Definition of chemical bonds

After reading a molecule from an XYZ file, there is no information on the connectivity of the atoms defined. However, this information is required for calculating bond and also several atom features. In addition to defining the bonds separately and specifying them in an SD file, BONAFIDE provides two options to introduce bond information to 3D molecules and conformer ensembles:

  • Internally define chemical bonds

  • Attach a SMILES string

Internally determine chemical bonds

It is possible to automatically define chemical bonds with the determine_bonds() method after reading a molecule from an XYZ file. This method implements RDKit’s rdkit.Chem.rdDetermineBonds.DetermineBonds and assigns atom connectivity and bond information. This is done for all conformers in case multiple have been provided. The charge of the molecule must be set before using this method (see the determine_bonds() method).

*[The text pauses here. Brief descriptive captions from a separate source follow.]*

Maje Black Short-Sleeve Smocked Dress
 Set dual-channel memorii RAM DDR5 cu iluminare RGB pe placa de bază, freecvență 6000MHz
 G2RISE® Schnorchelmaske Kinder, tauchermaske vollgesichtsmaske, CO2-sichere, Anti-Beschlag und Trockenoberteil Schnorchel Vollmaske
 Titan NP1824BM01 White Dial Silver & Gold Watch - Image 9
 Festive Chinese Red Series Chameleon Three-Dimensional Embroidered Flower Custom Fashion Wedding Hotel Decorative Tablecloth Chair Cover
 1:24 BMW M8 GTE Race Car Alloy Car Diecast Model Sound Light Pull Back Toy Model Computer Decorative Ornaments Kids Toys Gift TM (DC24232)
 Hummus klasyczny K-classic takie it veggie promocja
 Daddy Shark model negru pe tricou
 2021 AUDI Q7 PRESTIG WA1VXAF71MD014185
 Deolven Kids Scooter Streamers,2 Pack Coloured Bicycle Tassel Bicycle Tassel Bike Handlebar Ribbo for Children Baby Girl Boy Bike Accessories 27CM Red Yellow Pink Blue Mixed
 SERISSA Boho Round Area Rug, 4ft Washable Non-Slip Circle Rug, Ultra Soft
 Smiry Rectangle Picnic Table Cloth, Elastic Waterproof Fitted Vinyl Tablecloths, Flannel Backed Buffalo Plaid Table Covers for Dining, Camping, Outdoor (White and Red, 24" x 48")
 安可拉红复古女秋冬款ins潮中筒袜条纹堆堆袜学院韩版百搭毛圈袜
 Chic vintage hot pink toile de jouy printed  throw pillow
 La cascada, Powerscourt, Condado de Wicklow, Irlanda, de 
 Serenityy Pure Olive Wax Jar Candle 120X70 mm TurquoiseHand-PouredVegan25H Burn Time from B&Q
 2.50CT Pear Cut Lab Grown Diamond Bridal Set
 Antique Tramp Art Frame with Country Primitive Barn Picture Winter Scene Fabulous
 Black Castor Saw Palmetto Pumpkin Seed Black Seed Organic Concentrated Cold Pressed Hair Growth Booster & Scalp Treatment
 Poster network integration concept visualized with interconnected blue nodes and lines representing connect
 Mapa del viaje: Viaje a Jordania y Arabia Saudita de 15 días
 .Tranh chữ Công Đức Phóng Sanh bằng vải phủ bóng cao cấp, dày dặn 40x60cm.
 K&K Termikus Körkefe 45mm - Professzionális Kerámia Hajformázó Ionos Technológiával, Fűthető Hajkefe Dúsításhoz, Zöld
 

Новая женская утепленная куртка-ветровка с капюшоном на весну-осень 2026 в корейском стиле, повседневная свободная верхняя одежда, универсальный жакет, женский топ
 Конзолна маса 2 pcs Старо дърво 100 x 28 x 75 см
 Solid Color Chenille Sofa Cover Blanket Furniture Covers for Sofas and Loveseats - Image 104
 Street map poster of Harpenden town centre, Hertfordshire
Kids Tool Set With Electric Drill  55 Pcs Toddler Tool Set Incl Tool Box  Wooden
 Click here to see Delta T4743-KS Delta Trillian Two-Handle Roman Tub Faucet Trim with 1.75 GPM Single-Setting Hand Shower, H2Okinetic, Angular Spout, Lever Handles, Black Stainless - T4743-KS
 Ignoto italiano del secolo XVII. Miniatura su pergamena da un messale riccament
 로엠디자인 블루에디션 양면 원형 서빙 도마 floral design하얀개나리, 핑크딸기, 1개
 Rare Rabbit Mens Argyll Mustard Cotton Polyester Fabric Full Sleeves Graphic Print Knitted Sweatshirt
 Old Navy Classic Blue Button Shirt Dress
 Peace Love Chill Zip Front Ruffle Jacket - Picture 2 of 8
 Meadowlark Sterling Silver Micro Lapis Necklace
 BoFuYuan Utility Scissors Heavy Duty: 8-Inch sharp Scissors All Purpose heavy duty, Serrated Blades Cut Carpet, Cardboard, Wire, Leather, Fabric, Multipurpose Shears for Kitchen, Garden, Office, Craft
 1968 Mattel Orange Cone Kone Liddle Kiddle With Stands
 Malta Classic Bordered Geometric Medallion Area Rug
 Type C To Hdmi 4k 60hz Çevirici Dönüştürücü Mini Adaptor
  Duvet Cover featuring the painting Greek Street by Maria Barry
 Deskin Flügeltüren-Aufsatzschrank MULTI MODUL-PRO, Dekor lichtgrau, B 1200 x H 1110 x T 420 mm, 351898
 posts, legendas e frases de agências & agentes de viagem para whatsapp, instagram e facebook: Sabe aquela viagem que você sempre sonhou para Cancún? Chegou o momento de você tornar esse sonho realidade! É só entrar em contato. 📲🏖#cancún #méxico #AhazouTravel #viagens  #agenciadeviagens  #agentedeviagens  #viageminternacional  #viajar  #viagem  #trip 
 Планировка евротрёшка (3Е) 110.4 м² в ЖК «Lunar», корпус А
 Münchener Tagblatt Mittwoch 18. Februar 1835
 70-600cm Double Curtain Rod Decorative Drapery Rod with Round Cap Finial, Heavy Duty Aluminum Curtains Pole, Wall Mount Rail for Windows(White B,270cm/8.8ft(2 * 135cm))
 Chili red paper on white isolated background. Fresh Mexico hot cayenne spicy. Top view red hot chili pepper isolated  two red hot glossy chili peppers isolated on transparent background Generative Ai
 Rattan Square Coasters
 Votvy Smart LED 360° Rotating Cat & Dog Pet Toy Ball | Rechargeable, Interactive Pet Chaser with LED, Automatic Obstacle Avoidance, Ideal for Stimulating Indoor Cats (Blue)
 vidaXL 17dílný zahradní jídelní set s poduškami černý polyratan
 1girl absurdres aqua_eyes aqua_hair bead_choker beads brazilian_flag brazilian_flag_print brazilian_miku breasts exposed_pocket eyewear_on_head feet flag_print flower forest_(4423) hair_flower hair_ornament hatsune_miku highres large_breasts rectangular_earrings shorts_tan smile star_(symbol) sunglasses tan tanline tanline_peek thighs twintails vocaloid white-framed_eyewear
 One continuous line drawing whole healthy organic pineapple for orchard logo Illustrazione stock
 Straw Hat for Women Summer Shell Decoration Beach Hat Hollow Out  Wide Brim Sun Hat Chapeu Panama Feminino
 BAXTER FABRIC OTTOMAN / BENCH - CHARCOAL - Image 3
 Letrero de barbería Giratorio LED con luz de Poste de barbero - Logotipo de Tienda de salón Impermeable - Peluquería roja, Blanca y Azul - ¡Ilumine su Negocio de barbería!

>>> from bonafide import AtomBondFeaturizer
>>> f = AtomBondFeaturizer()
>>> f.read_input("diclo.xyz", "diclofenac", input_format="file")
>>> f.set_charge(0)
>>> f.determine_bonds()

Several optional arguments can be passed to modify the exact procedure of bond determination (see the API documentation).

Attaching a SMILES string

Alternatively, it is possible to attach a SMILES string to a 3D conformer ensemble, which exactly defines the chemical bonding between the atoms (within the SMILE system). This is done through the attach_smiles() method. By using the default align=True, the atom indices (atom order) of the initially read molecule are preserved; if set to False, the atoms are reordered according to the SMILES string. The attach_smiles() method also requires the charge of the molecule to be set beforehand. This is because the charge is required for determining the atom connectivity of the molecule to which the SMILES string is attached.

>>> from bonafide import AtomBondFeaturizer
>>> f = AtomBondFeaturizer()
>>> f.read_input("diclo.xyz", "diclofenac", input_format="file")
>>> f.set_charge(0)
>>> f.attach_smiles("[H]OC(=O)C([H])([H])c1c([H])c([H])c([H])c([H])c1N([H])c1c(Cl)c([H])c([H])c([H])c1Cl")